Stiftung Tierärztliche Hochschule Hannover (TiHo)TiHo eLib

Chronic severe pyloric lesions in horses : 47 cases

BACKGROUND:The clinical findings and outcome associated with chronic severe equine pyloric lesions have not been well described previously. OBJECTIVES:To describe the history, clinical signs, endoscopic and ultrasound results, laboratory data, treatment, pathological findings and survival of horses with chronic severe pyloric lesions. STUDY DESIGN:Retrospective case series. METHODS:Medical records from horses treated at clinics in Czech Republic and Germany in which chronic severe pyloric lesions were confirmed endoscopically and/or on post-mortem examination were reviewed. RESULTS:Forty-seven horses were identified, median age 3 years (range 0.8-16 years). There were 3 geldings, 23 mares and 19 stallions and the majority were Warmbloods (60%).

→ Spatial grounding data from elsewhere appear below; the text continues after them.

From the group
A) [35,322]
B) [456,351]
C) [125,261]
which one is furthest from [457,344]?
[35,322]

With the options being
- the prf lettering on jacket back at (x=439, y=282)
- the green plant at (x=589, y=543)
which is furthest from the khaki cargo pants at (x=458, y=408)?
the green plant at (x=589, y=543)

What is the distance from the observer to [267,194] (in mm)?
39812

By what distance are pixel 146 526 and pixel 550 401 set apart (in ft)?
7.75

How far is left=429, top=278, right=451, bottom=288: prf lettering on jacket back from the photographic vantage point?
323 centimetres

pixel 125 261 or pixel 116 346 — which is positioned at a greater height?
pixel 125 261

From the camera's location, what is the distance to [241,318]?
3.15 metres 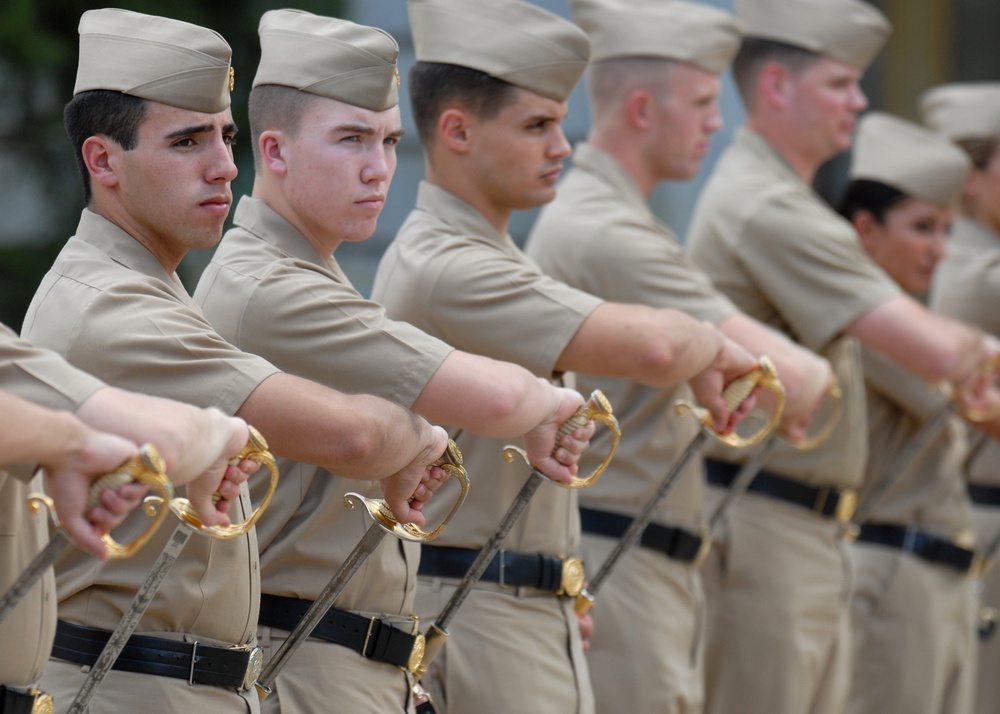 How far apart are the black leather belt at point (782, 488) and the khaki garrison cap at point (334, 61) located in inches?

The most common presenting signs were poor body condition (40; 87%), slow eating (39; 83%), recurrent colic (35; 74%) and selective appetite (30; 64%). The most consistent laboratory abnormality was hypoalbuminaemia (10; 36%). Slow gastric emptying was confirmed in 29 individuals during gastroscopy and/or ultrasonography. Endoscopy revealed distal oesophagitis in 9 of 47 horses, and severe equine squamous gastric disease in all cases. Pyloric lesions were depressed, flat or raised fibrinosuppurative pyloric ulcers and were seen in 45 (2 pylori were not seen endoscopically). Thirty-two cases were treated, with 28 responding well initially. All treated cases received anti-ulcer medication and four underwent gastrojejunostomy. Clinical signs recurred after medical treatment in at least 11 cases. Only 18 of 44 cases (41%) survived long term (3 were lost to follow-up). Horses diagnosed at 3 years of age or younger were significantly less likely to survive more than 6 months than older horses (27.8% vs. 72.2%, P<0.001). MAIN LIMITATIONS:The study is retrospective, some records were incomplete and case identification was subjective. CONCLUSIONS:Chronic severe pyloric lesions can be associated with delayed gastric emptying identified with ultrasonography and/or endoscopy. The prognosis is poor in young horses.